- [Exercise material]:
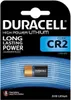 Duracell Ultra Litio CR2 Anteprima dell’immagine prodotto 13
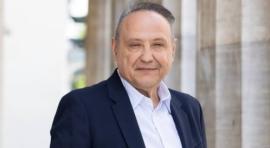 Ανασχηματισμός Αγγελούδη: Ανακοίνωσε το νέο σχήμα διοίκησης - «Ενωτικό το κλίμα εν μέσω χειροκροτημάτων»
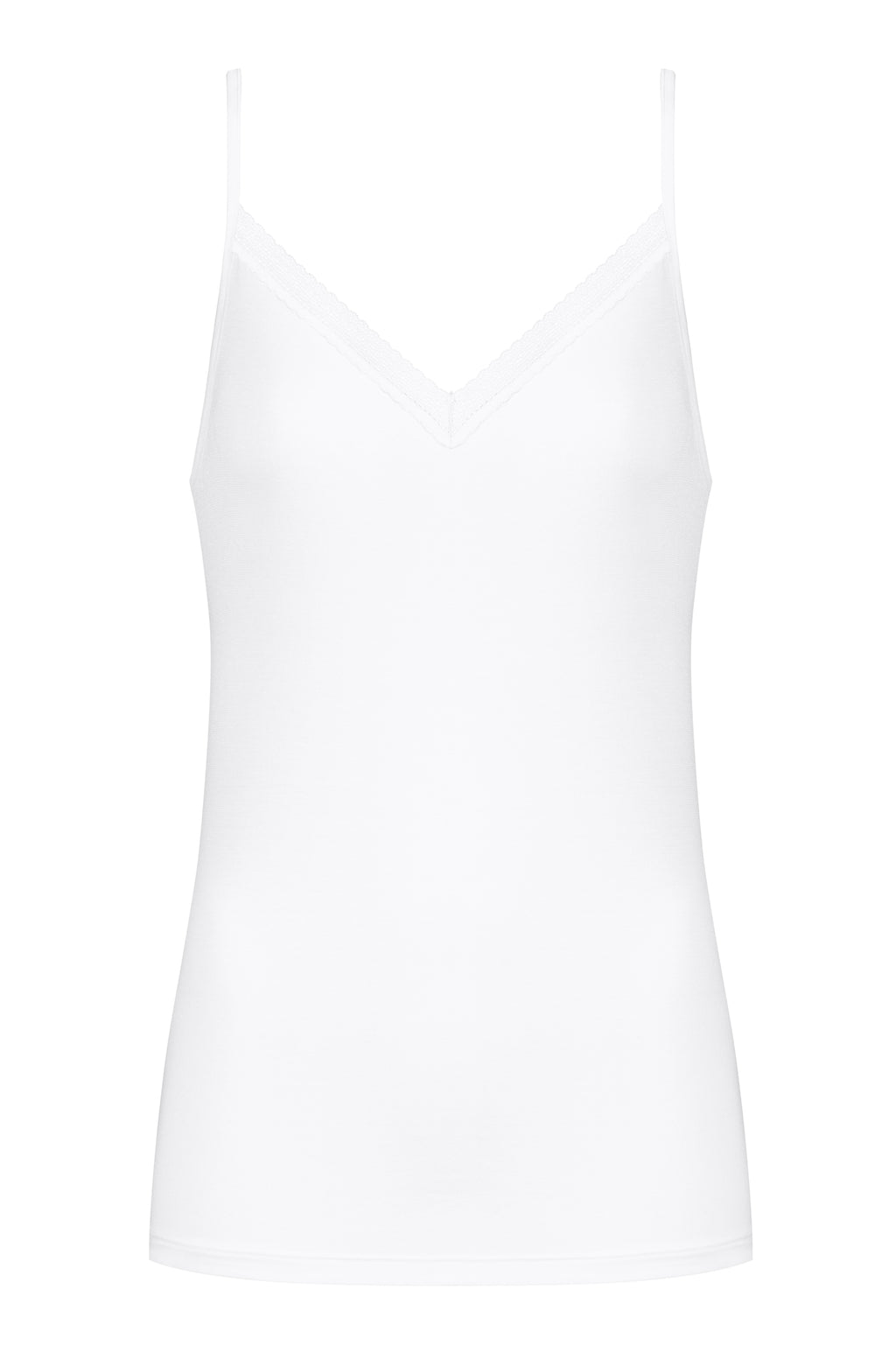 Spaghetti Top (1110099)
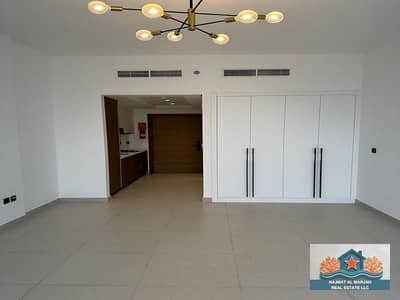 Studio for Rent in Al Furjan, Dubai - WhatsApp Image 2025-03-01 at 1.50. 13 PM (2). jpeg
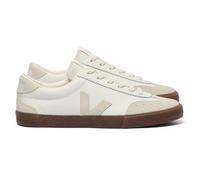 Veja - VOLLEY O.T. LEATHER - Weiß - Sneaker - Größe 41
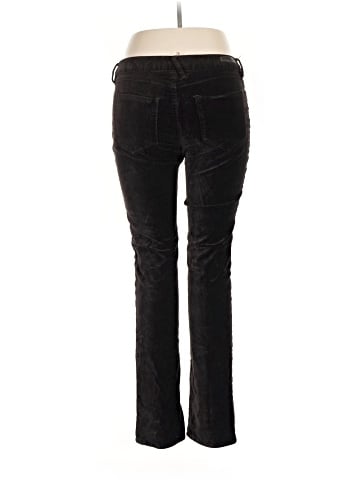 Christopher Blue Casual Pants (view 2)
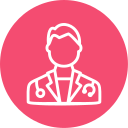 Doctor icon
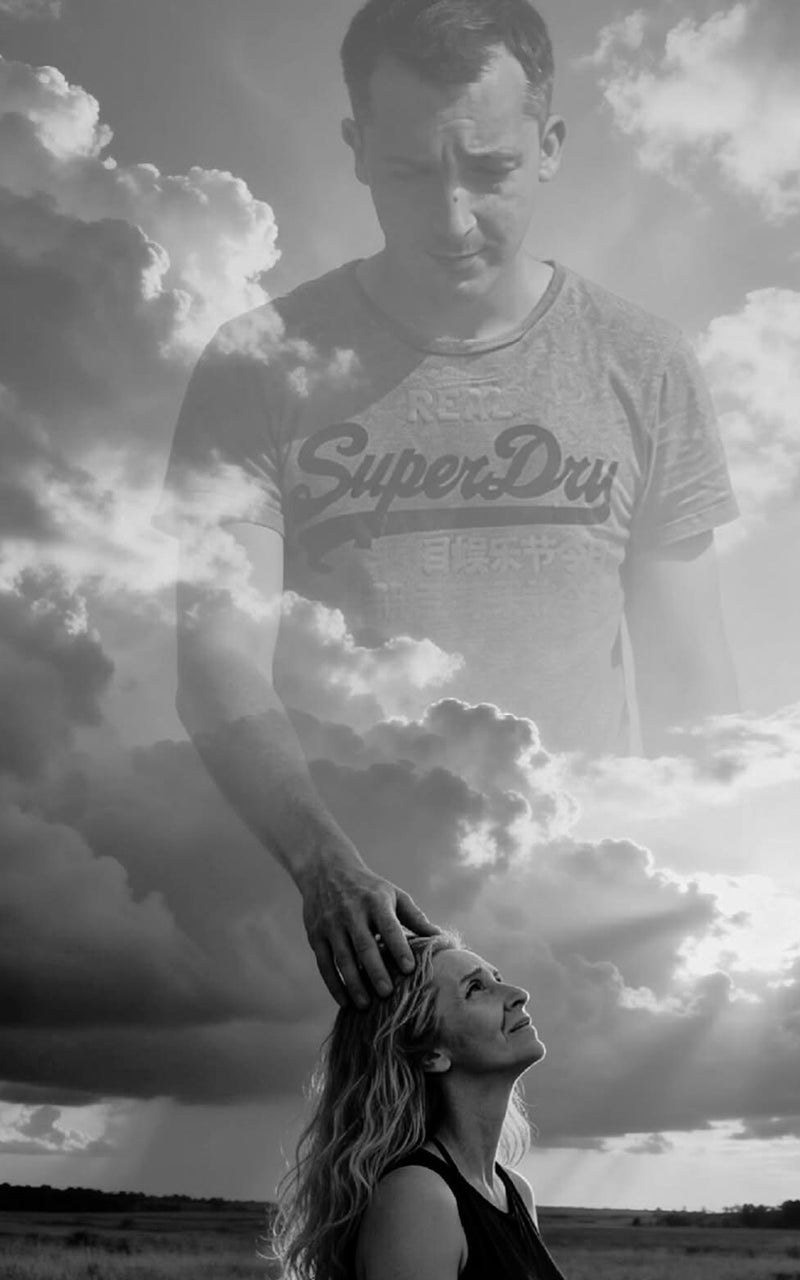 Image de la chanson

- [Description of the task]: Your copy should begin at the line containing "Ανασχηματισμός Αγγελούδη: Ανακοίνωσε" and end at the last line of the data above, matching each line exactly and holding no pictures.

- [Response to the exercise]:
 Ανασχηματισμός Αγγελούδη: Ανακοίνωσε το νέο σχήμα διοίκησης - «Ενωτικό το κλίμα εν μέσω χειροκροτημάτων»
 Spaghetti Top (1110099)
 Studio for Rent in Al Furjan, Dubai - WhatsApp Image 2025-03-01 at 1.50. 13 PM (2). jpeg
 Veja - VOLLEY O.T. LEATHER - Weiß - Sneaker - Größe 41
 Christopher Blue Casual Pants (view 2)
 Doctor icon
 Image de la chanson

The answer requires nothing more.